Exercise:
All lines from the one with "Projekt retro półki" to the end of the entries below must be written out exactly. Leave out any other line.

Available data:

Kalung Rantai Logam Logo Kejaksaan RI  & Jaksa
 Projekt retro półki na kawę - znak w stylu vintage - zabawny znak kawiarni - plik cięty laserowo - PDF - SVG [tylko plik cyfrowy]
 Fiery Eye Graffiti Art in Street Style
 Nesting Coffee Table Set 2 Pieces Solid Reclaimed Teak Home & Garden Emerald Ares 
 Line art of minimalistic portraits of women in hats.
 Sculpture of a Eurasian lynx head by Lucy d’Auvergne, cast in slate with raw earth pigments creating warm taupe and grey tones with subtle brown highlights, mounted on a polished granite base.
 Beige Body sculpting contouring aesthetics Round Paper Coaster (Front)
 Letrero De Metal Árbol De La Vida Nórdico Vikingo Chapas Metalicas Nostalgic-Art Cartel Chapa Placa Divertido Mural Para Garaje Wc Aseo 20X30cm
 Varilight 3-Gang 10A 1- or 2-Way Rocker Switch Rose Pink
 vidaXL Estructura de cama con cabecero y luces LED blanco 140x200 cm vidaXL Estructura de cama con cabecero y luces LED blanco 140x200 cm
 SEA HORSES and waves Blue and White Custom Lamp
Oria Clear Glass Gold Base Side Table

Answer section:
 Projekt retro półki na kawę - znak w stylu vintage - zabawny znak kawiarni - plik cięty laserowo - PDF - SVG [tylko plik cyfrowy]
 Fiery Eye Graffiti Art in Street Style
 Nesting Coffee Table Set 2 Pieces Solid Reclaimed Teak Home & Garden Emerald Ares 
 Line art of minimalistic portraits of women in hats.
 Sculpture of a Eurasian lynx head by Lucy d’Auvergne, cast in slate with raw earth pigments creating warm taupe and grey tones with subtle brown highlights, mounted on a polished granite base.
 Beige Body sculpting contouring aesthetics Round Paper Coaster (Front)
 Letrero De Metal Árbol De La Vida Nórdico Vikingo Chapas Metalicas Nostalgic-Art Cartel Chapa Placa Divertido Mural Para Garaje Wc Aseo 20X30cm
 Varilight 3-Gang 10A 1- or 2-Way Rocker Switch Rose Pink
 vidaXL Estructura de cama con cabecero y luces LED blanco 140x200 cm vidaXL Estructura de cama con cabecero y luces LED blanco 140x200 cm
 SEA HORSES and waves Blue and White Custom Lamp
Oria Clear Glass Gold Base Side Table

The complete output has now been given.